Shell has developed its major Cardamom oil and gas field in the deep waters of the Gulf of Mexico. The Cardamom project is expected to produce 50,000 barrels of oil equivalent (boe) a day at peak production.
On September 8, 2014, Shell announced first oil from the Cardamom development. This new subsea system is tied back to the Auger platform. The development includes five new wells and is expected to produce 50,000 barrels of oil equivalent (boe) per day at its peak rate. Since the first production at Auger in 1994, the facility has received several upgrades to process additional production from new discoveries and Cardamom is Auger’s seventh subsea development.
In February 2011 the Cardamom Exploration Plan was the first blue-water well to be approved by the Bureau of Ocean Energy Management, Regulation and Enforcement after the moratorium was lifted. Shell announced its final investment decision to develop the Cardamom field on June 9, 2011.

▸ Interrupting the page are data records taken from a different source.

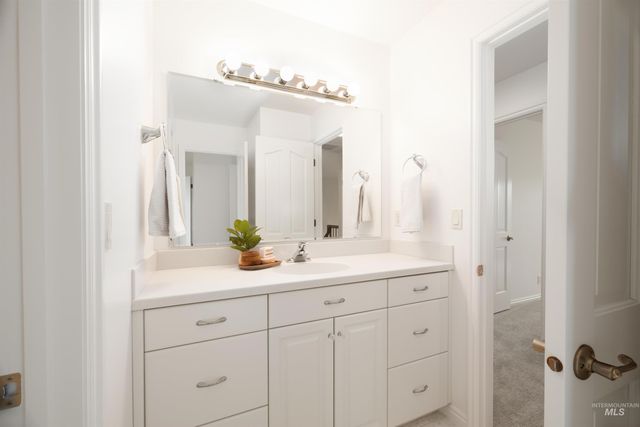 3757 W Quail Hollow Ct, Boise, ID 83703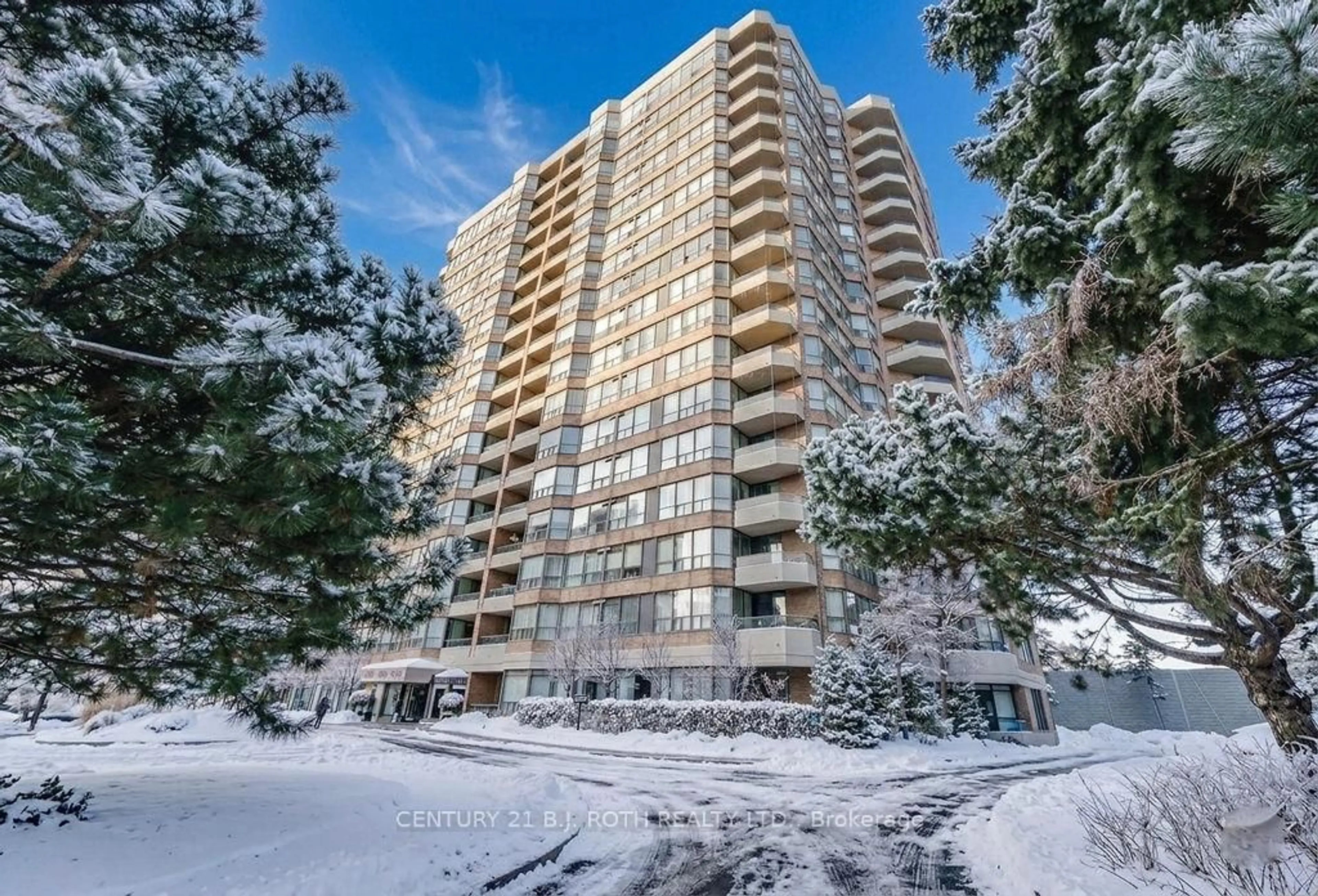 Indoor foyer for 268 Ridley Blvd #314, Toronto Ontario M5M 4N3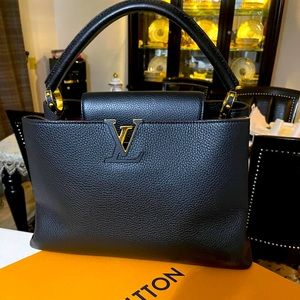 Louis Vuitton capucines MM 💯 authentic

Previously, in March 2010, the Auger 16ST3 well had been drilled to 9,449 metres (31,000 feet) measured depth into the Cardamom deep formation and logged 220 net feet of oil-bearing Miocene-aged sands. Auger 16ST4 was completed up dip of the ST3 and brought onto production on December 31, 2010.
Cardamom uses advanced seismic technology that enables deep-water exploration around the existing Auger structure. The Cardamom reservoir sits beneath think layers of salt in rock more than 6 kilometres below the sea floor and went undetected by conventional seismic surveys. Shell used the latest advancements in seismic technology to discover Cardamom in 2010.
The Cardamom field is approximately 360 kilometres southwest of New Orleans, Louisiana, in water more than 800 metres deep.
Environment and Society
Production from Cardamom flows through the Auger platform, limiting the development’s offshore footprint by using existing infrastructure. The project has provided more jobs for offshore workers.